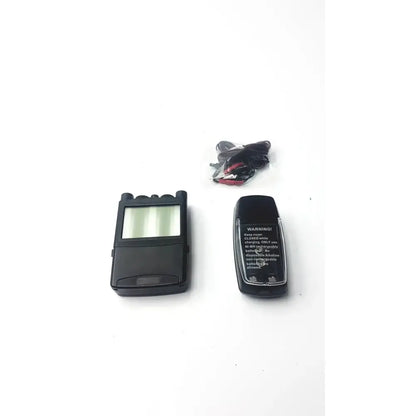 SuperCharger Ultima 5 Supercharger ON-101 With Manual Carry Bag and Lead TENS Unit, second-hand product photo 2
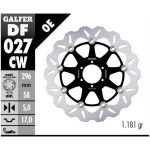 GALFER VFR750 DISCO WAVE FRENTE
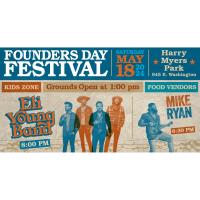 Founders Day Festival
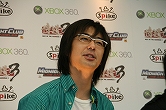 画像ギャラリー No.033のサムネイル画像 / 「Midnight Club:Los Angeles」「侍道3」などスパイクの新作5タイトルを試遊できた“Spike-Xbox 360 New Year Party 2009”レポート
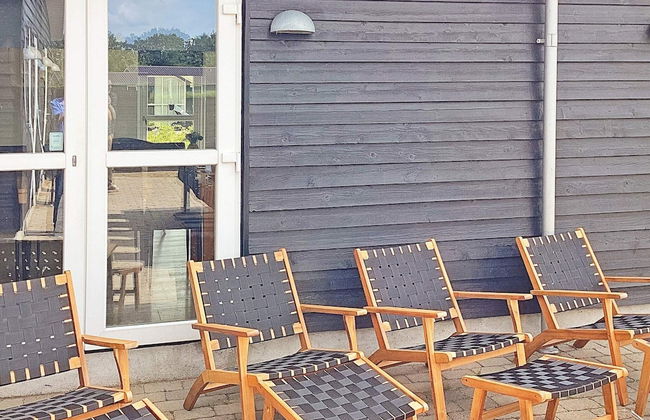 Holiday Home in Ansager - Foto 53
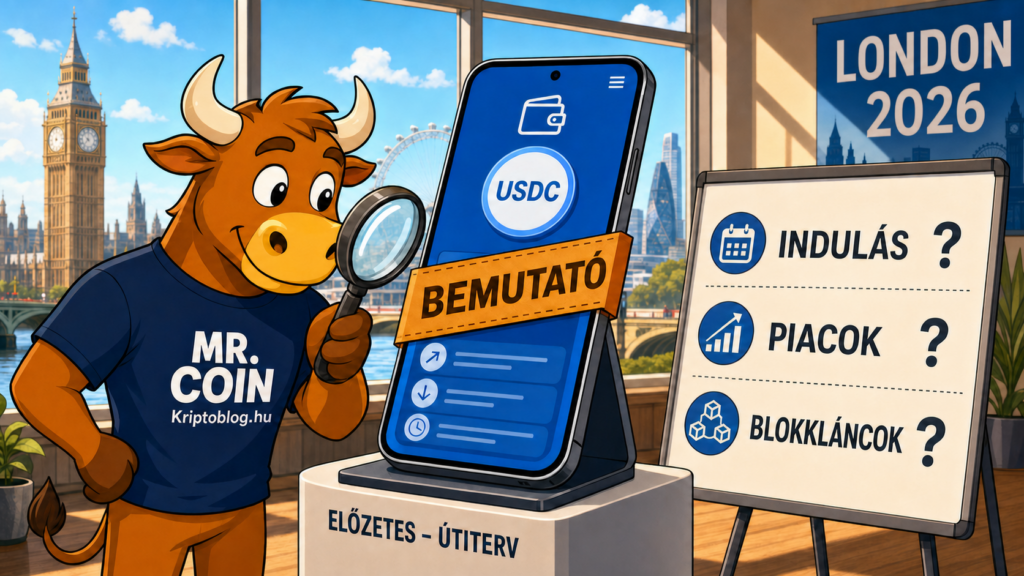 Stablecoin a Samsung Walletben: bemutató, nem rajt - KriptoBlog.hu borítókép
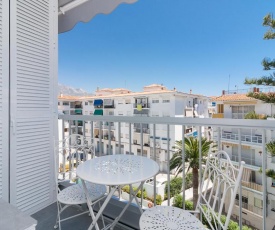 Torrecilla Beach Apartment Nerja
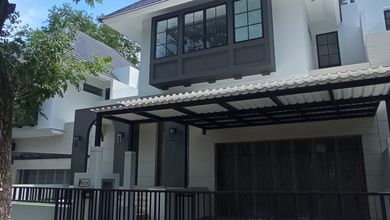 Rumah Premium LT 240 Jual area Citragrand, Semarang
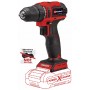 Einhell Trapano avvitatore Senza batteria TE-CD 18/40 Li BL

§ TASK INSTRUCTIONS:
Copy, without the pictures, exactly the lines from the line with "Founders Day Festival" through the end of the material above, both ends included.

§ RESPONSE TO THIS TASK:
 Founders Day Festival
 画像ギャラリー No.033のサムネイル画像 / 「Midnight Club:Los Angeles」「侍道3」などスパイクの新作5タイトルを試遊できた“Spike-Xbox 360 New Year Party 2009”レポート
 Holiday Home in Ansager - Foto 53
 Stablecoin a Samsung Walletben: bemutató, nem rajt - KriptoBlog.hu borítókép
 Torrecilla Beach Apartment Nerja
 Rumah Premium LT 240 Jual area Citragrand, Semarang
 Einhell Trapano avvitatore Senza batteria TE-CD 18/40 Li BL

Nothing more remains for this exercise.